Après elle, nous étudierons les vices opposés (Q. 138).
- La persévérance est-elle une vertu ?
- Fait-elle partie de la force ?
- Quel rapport a-t-elle avec la constance ?
- A-t-elle besoin du secours de la grâce ?
Objections
1. Il semble que non, parce que, selon Aristote « la continence est plus importante que la persévérance ». « Mais la continence n'est pas une vertu », dit-il aussi. Donc la persévérance n'est pas une vertu.
2. « La vertu est ce qui fait vivre droitement » selon S. Augustin.
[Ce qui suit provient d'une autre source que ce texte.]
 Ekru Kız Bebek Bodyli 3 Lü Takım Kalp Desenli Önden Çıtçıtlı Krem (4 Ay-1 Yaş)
Mais lui-même dit aussi : « On ne peut appeler persévérant aucun homme tant qu'il vit et qu'il n'a pas persévéré jusqu'à la mort. »
3. « Tenir ferme » dans l'œuvre vertueuse est requis pour toute vertu selon Aristote. Mais cela ressortit à la fonction de la persévérance, car Cicéron définit celle-ci : « Demeurer ferme et constant pour un motif bien considéré. » Donc la persévérance n'est pas une vertu spéciale, mais une condition de toute vertu.
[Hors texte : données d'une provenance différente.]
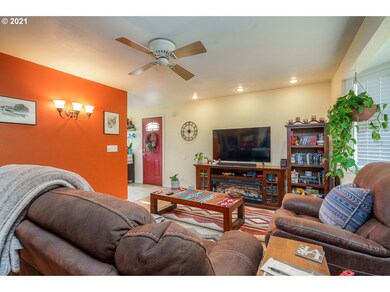 712 SW 29th St, Pendleton, OR 97801 - photo 7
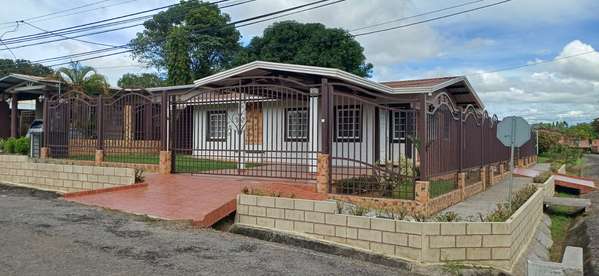 Se alquila casa Riviera David amoblada cercada 600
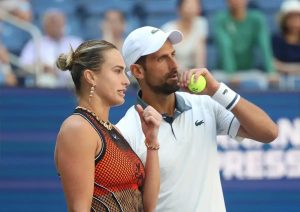 Novak Djokovic e Aryna Sabalenka surpreendidos por Patten e Siniakova nos pares mistos do US Open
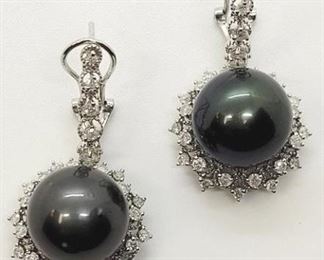 4z - 14K Tahitian South Sea Peal & diamond earrings Appraised $9,125 13.6-13.8 mm cultured Tahitian pearls 1.64 cts diamonds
En sens contraire, Andronicus affirme : « La persévérance est l'habitus concernant les choses auxquelles il faut s'attacher ou non, et celles qui sont indifférentes. » Mais un habitus qui nous ordonne à bien faire quelque chose, ou à l'omettre, est une vertu. Donc la persévérance est une vertu.
Réponse
D'après Aristote « la vertu concerne le difficile et le bien ». C'est pourquoi, lorsqu'il se présente une raison spéciale de bonté ou de difficulté, il y a une vertu spéciale. Or l'œuvre de la vertu peut comporter de la bonté et de la difficulté pour deux motifs. D'une part à cause de l'espèce même de l'acte qui tient à la raison de son objet propre. D'autre part à cause d'une durée prolongée, car le fait même de s'obstiner longtemps à une tâche difficile présente une difficulté spéciale. C'est pourquoi s'attacher à un bien jusqu'à son achèvement ressortit à une difficulté spéciale. On sait que la tempérance et la force sont des vertus spéciales parce que l'une gouverne les plaisirs du toucher, ce qui est de soi difficile, et l'autre gouverne les craintes et les audaces concernant les dangers mortels, ce qui est également difficile de soi. Et de même la persévérance est une vertu spéciale à laquelle il appartient, dans l'une ou l'autre œuvre vertueuse, de résister longuement si c'est nécessaire.
Solutions
1. Aristote entend ici la persévérance au sens où l'on persévère dans des actions où il est très difficile de tenir bon longtemps. Or il n'est pas difficile de supporter longtemps des événements heureux, mais des maux. Or les maux que sont les dangers mortels ne sont généralement pas à supporter longtemps parce que, le plus souvent, ils passent vite. Aussi n'est-ce pas à leur sujet qu'on loue le plus la persévérance. Parmi les autres maux, les principaux sont ceux qui s'opposent aux plaisirs du toucher, parce que de tels maux sont envisagés à propos des nécessités de la vie, par exemple le manque d'aliments ou d'autres ressources, qui parfois demanderont à être supportés longtemps. Ce n'est pas une difficulté pour celui qui n'en retire pas beaucoup de tristesse et qui ne prend pas un grand plaisir dans les biens opposés : on le voit chez l'homme tempérant, en qui ces passions ne sont pas violentes. Mais cela est extrêmement difficile chez celui que ces passions touchent vivement, car il n'a pas la vertu parfaite qui peut modifier ces passions. C'est pourquoi, si l'on prend la persévérance de cette façon, elle n'est pas une vertu parfaite mais, dans le genre vertu, un être inachevé.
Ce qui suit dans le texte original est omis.